- Activity
Produce word for word the lines of the data below running from the one that has "2214 METROPOLITAN WAY, #1034, Orlando, FL" to the one that has "Snapshot of kriZ08", inclusive, and no others.

- Data for processing
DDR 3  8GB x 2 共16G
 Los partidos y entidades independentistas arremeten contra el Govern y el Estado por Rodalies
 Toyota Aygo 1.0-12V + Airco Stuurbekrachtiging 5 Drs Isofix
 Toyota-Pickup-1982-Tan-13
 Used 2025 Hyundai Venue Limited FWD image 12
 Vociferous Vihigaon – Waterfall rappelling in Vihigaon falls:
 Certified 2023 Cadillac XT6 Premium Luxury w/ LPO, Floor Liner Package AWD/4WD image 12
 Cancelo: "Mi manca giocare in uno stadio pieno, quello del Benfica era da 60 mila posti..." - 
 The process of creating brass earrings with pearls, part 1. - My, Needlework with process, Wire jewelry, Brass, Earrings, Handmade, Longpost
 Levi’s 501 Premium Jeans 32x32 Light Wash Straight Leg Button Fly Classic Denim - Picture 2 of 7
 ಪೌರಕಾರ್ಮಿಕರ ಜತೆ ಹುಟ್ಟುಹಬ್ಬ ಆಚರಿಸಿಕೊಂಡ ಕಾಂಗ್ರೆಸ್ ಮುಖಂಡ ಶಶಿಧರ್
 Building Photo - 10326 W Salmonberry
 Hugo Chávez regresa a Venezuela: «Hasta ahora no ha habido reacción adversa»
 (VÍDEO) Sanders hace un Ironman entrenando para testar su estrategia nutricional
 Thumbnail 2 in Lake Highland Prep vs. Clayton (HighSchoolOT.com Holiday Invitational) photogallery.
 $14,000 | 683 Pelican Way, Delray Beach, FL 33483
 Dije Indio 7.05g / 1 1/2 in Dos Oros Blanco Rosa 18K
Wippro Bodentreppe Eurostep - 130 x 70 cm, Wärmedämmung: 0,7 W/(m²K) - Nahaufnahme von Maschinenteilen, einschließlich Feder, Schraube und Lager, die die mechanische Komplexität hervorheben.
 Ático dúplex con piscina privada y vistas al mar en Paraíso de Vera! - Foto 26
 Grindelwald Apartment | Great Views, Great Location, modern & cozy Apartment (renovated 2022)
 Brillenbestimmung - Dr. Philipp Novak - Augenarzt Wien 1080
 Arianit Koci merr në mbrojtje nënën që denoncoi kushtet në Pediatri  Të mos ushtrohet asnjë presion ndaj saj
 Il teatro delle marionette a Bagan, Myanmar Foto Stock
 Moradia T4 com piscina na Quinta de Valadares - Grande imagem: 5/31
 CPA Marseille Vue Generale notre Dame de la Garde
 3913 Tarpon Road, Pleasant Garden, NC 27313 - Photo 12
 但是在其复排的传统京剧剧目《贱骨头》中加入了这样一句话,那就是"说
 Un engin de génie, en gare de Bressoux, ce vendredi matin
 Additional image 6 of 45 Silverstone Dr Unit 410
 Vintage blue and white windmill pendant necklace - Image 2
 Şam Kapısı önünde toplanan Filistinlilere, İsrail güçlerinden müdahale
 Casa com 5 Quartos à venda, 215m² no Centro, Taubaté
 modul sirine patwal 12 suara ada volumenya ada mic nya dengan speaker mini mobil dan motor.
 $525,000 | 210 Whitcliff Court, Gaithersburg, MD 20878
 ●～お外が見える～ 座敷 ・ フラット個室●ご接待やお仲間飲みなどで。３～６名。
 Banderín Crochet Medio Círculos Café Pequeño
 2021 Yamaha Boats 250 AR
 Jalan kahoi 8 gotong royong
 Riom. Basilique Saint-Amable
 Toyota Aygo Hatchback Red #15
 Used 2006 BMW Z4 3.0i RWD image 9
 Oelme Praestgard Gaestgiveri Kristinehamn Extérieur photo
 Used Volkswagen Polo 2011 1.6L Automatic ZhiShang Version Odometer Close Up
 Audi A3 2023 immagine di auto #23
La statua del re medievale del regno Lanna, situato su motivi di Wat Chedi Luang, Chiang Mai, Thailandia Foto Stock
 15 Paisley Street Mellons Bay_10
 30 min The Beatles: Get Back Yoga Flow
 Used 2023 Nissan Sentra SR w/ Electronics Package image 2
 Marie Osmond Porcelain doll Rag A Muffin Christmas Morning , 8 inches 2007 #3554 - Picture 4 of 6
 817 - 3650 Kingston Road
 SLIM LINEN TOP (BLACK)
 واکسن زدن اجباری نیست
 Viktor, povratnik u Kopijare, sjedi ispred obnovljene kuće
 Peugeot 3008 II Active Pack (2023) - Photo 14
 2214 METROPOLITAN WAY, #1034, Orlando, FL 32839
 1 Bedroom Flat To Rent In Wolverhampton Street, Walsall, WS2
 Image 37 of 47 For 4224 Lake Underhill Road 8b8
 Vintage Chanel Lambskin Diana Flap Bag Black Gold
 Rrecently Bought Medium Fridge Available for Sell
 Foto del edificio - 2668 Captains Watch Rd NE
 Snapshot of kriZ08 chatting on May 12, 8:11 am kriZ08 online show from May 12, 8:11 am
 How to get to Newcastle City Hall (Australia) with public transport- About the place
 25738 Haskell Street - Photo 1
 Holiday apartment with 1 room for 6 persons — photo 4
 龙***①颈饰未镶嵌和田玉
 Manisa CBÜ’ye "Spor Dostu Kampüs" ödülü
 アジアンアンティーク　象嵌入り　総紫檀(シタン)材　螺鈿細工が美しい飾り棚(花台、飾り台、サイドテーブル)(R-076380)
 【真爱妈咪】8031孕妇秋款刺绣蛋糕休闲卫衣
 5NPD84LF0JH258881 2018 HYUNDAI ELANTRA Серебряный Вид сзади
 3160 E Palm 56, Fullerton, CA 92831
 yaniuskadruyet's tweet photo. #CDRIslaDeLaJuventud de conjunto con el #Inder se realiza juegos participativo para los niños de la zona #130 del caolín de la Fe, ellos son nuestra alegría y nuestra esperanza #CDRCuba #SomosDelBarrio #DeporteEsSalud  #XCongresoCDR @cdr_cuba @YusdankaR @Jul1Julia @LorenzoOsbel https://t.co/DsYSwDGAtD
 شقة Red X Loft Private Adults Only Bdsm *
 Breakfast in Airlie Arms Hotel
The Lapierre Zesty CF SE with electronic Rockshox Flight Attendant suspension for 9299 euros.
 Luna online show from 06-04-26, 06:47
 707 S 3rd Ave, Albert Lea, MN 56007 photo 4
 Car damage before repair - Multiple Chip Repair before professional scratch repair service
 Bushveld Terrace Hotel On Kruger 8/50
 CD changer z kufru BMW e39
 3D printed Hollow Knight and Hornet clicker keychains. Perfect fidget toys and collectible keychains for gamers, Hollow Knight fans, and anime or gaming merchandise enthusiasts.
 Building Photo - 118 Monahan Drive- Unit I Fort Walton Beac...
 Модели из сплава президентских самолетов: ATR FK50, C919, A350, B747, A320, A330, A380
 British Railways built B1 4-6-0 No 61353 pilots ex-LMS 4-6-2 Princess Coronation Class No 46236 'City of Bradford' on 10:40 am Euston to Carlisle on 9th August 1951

- Problem solution
 2214 METROPOLITAN WAY, #1034, Orlando, FL 32839
 1 Bedroom Flat To Rent In Wolverhampton Street, Walsall, WS2
 Image 37 of 47 For 4224 Lake Underhill Road 8b8
 Vintage Chanel Lambskin Diana Flap Bag Black Gold
 Rrecently Bought Medium Fridge Available for Sell
 Foto del edificio - 2668 Captains Watch Rd NE
 Snapshot of kriZ08 chatting on May 12, 8:11 am kriZ08 online show from May 12, 8:11 am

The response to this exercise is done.